Isn't all that training designed to determine if you are Captain material?
So he saves the Federation captaining the Enterprise and they make him... what.. Lutienant?
If you find a Michael Jordan do you keep him in the lower leagues until he has served his apprenticeship?
Bad analogy. Jordan was playing basketball his whole life. Played in high school. Played in college. Then was drafted. He worked his ass off, proved himself day after day, in game after game, year after year,
then he got to go to the big times.
Not at all.. captaincy equates to the big league
Exactly, and that's why the analogy fails. In order to be as good as Micheal Jordan was in the NBA, he had to have worked, hard, at basketball all through college, and all through high school, and probably all through middle school as well. That's the kind of sheer dedication to his craft that made him Air Jordan.

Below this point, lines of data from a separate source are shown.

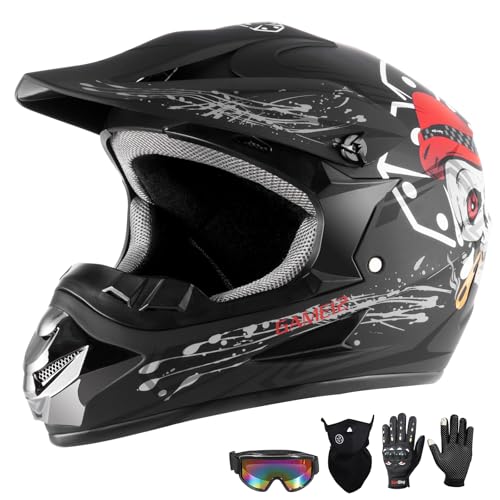 TIANDU Youth Kids Dirt Bike Motocross Helmet (Goggles Gloves Face Mask) 4PCS Set, DOT Approved Boys Full Face Motorcycle Helmets,ATV BMX MX Mountain Bike Off Road Kid Helmet (Black Skull, XL) - Image 1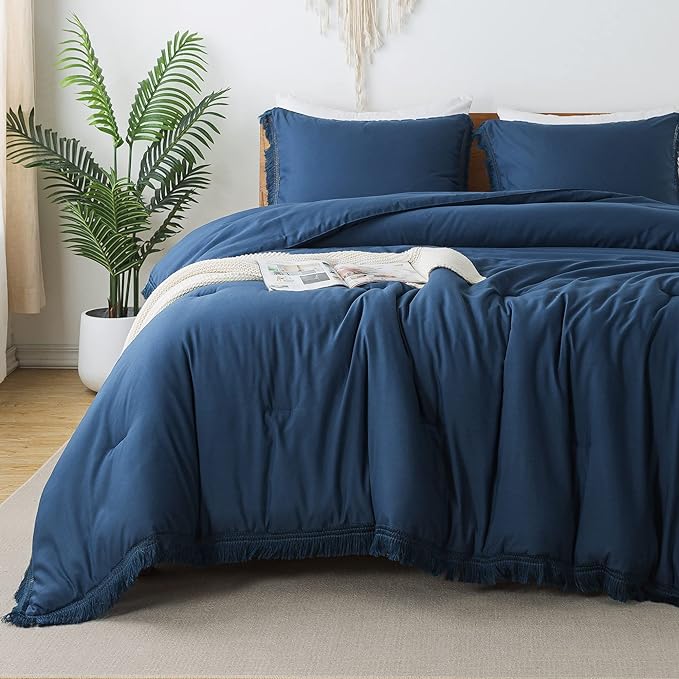 Andency Navy Blue Comforter Set Twin Size, 2 Pieces Boho Tassel Lightweight by Andency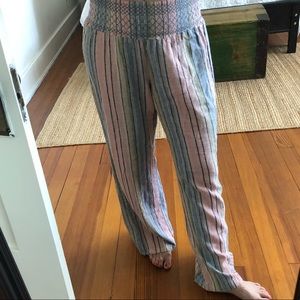 Relaxed colorful wide leg pants
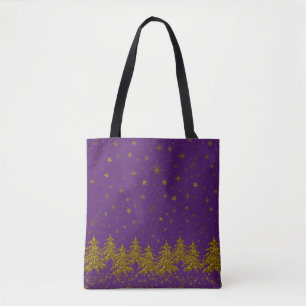 Sparkly Gold Christmas tree, stars, snow on purple Tote Bag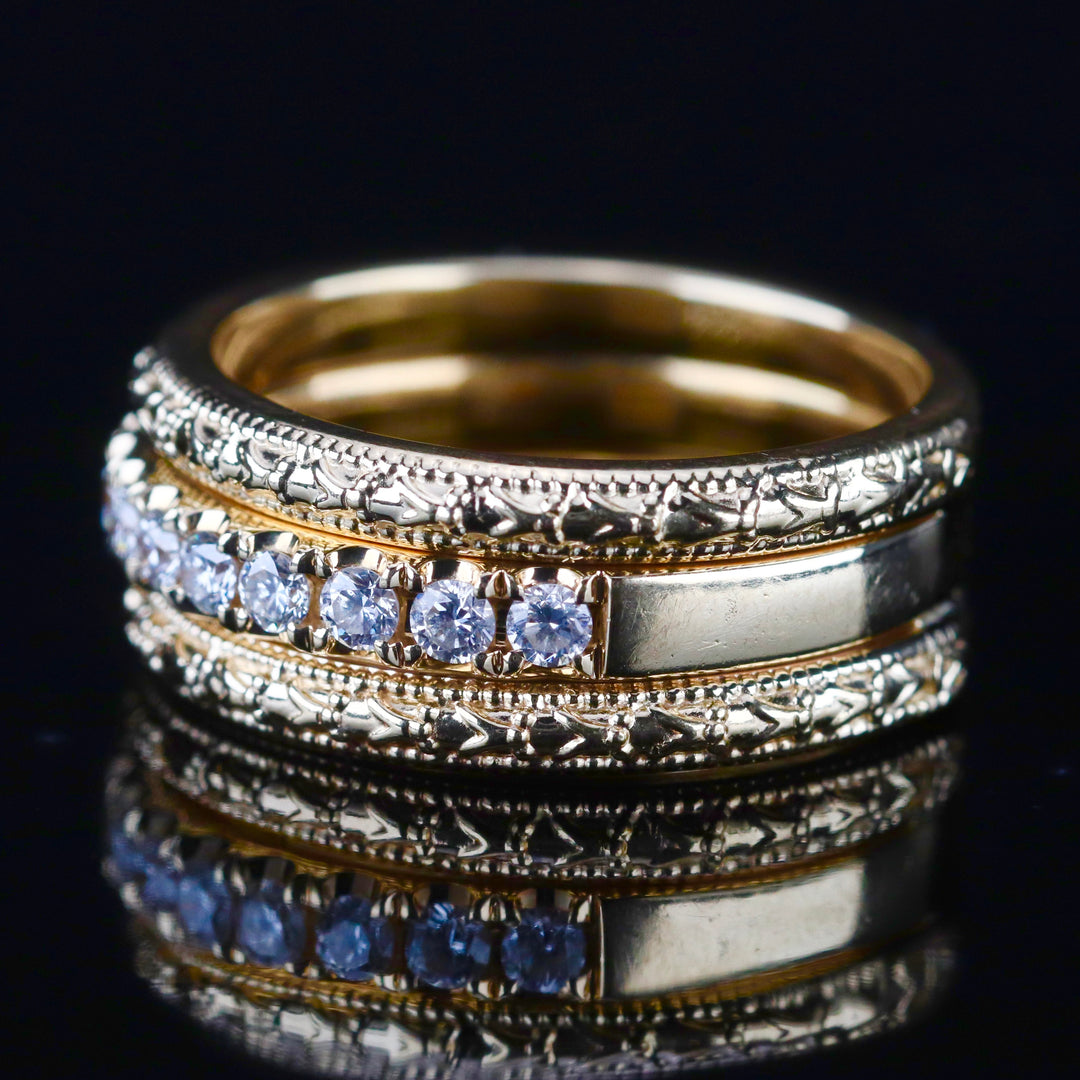 Estate wide diamond band in 14k yellow gold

Kirk, on the other hand, possesses raw talen in spades, but has done almost nothing to harness it. He's attended three years of Starfleet Academy, and he hasn't even finished his third year when this movie takes place. There's no indication he's actually worked, and I mean seriously, nose-to-the-grindstone worked, during his time there; admittedly we don't see much, but what we do see consists of him bedding an Orion girl and him flagrantly, and unimaginatively, cheating at the Kobiyashi Maru test. There's no mention of time spent out in space or on ships, and frankly, from the way Kirk acts once he's on Enterprise I don't get any sense of his having learned anything at all about effectively leading people or respecting the chain of command.
So, to sum up. The difference between Jordan and Kirk? Jordan worked his ass off to get where he was, Kirk just fell into a position of undeserved influence based on who his dad was (the only reason anyone tried to get him into Starfleet) and that he was nominally in command when Spock and Sulu saved the day.